Interceptor sizes less than 1,000 gallons, round up to the nearest tank size available. Interceptor sizes greater than 1,000 gallons, round to the nearest tank size available, but no more than 10% smaller.

MINIMUM DESIGN AND STRUCTURAL CRITERIA FOR EXTERIOR GREASE INTERCEPTORS

All Food Service Establishments and other users as required by ordinance shall have grease-handling facilities installed and maintained, at the user’s expense. Common grease interceptors, or grease interceptors that receive FOG laden wastewater from more than one establishment, are prohibited.

Note: Contact the Rowan County Building Inspections Department at (704) 216-8619 and the Rowan County Health Department at (704) 216-8525 for requirements that this activity may be subject to.

Exterior, in-ground grease interceptors are the preferred device for grease retention in food service facilities. Grease traps will be allowed in cases where exterior, in-ground grease interceptors are infeasible to install (see FOG Control Program User Guidance Document and SRU Implementation Plan, Section III.C). Approval from the Director must be received prior to installation.

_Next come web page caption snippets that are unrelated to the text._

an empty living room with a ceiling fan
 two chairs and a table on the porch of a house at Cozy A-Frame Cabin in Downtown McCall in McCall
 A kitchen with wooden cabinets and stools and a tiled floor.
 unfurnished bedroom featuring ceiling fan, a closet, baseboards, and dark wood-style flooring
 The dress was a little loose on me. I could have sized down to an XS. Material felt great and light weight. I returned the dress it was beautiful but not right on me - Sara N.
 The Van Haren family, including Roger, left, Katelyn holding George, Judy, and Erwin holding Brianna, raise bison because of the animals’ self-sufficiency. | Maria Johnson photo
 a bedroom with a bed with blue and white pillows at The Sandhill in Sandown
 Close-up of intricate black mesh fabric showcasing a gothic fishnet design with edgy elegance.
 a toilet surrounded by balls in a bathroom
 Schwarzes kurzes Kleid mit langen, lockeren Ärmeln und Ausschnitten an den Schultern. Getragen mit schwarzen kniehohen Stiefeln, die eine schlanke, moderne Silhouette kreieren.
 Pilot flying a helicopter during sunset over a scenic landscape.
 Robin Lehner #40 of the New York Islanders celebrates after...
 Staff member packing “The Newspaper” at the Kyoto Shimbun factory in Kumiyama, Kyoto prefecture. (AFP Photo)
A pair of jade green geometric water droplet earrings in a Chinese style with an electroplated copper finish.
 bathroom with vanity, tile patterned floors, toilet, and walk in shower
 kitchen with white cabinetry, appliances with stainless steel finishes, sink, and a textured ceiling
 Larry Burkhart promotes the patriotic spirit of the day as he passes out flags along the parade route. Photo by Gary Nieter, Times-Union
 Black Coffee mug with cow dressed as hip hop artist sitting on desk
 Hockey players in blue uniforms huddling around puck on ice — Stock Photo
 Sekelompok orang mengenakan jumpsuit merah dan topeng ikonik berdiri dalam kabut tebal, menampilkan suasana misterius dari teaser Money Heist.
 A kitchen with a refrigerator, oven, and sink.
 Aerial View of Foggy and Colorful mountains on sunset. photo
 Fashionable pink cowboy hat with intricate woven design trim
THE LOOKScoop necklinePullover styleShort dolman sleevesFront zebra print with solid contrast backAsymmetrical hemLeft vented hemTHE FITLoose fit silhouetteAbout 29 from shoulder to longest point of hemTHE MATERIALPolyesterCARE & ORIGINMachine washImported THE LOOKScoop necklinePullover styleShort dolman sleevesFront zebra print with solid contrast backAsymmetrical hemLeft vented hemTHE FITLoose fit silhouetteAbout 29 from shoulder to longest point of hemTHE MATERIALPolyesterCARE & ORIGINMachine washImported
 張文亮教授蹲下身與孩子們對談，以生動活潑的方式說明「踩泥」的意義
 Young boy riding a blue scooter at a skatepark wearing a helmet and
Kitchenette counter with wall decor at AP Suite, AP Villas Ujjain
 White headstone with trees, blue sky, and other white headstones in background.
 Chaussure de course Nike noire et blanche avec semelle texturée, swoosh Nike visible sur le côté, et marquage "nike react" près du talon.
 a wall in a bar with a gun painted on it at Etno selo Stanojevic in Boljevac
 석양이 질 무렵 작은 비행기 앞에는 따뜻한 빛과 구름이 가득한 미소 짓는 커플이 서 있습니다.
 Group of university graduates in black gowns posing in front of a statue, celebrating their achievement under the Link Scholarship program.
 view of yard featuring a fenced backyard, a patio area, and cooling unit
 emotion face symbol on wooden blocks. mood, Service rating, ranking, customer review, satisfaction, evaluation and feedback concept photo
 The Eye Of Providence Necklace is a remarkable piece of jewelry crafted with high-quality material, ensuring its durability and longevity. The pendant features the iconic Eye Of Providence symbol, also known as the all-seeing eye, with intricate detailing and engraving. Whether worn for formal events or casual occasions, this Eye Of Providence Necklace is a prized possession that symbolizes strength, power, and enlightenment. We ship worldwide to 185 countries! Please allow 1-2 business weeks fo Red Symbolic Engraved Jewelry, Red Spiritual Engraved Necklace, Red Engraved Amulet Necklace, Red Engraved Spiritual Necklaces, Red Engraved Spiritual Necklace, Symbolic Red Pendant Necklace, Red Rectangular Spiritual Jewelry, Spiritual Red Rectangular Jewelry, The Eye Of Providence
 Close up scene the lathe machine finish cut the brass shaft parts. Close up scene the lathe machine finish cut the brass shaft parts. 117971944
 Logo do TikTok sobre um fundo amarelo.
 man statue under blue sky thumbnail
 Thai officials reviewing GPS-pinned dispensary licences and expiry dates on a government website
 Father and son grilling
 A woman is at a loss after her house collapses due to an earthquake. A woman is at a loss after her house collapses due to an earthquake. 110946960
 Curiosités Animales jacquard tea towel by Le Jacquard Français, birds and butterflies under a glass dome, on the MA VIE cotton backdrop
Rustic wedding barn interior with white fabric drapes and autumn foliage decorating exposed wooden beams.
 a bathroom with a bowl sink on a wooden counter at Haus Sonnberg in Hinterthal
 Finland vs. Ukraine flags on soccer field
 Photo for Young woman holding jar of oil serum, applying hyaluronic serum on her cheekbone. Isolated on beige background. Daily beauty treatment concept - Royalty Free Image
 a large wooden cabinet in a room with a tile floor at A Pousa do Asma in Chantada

Strip Centers with the Potential for Food Service Establishments: All new buildings or strip centers containing sections designated for commercial enterprise of the strip center are encouraged to provide a stub-out for a separate waste line for future grease interceptor installation. The owner of a new strip center shall consider suitable physical property space and sewer gradient that will be conducive for the installation of an exterior, in-ground grease interceptor(s) for any flex space contained within the strip center. Physical Property Restrictions and sewer gradient shall not be a defense for new strip centers that fail to install an exterior, in-ground grease interceptor. A lack of proper planning for future installations of exterior, in-ground grease interceptors could result in a significant increase in costs due to retrofitting facilities for the installation of a grease interceptor. In addition, facilities that may not be required to install a grease trap or interceptor initially, may be required to install such devices in the future, per Section 25-202(i), Article VIII, Chapter 25 of the Code of the City of Salisbury, and are encouraged to consider the installation of a grease trap or interceptor during construction due to the costs of retrofitting facilities.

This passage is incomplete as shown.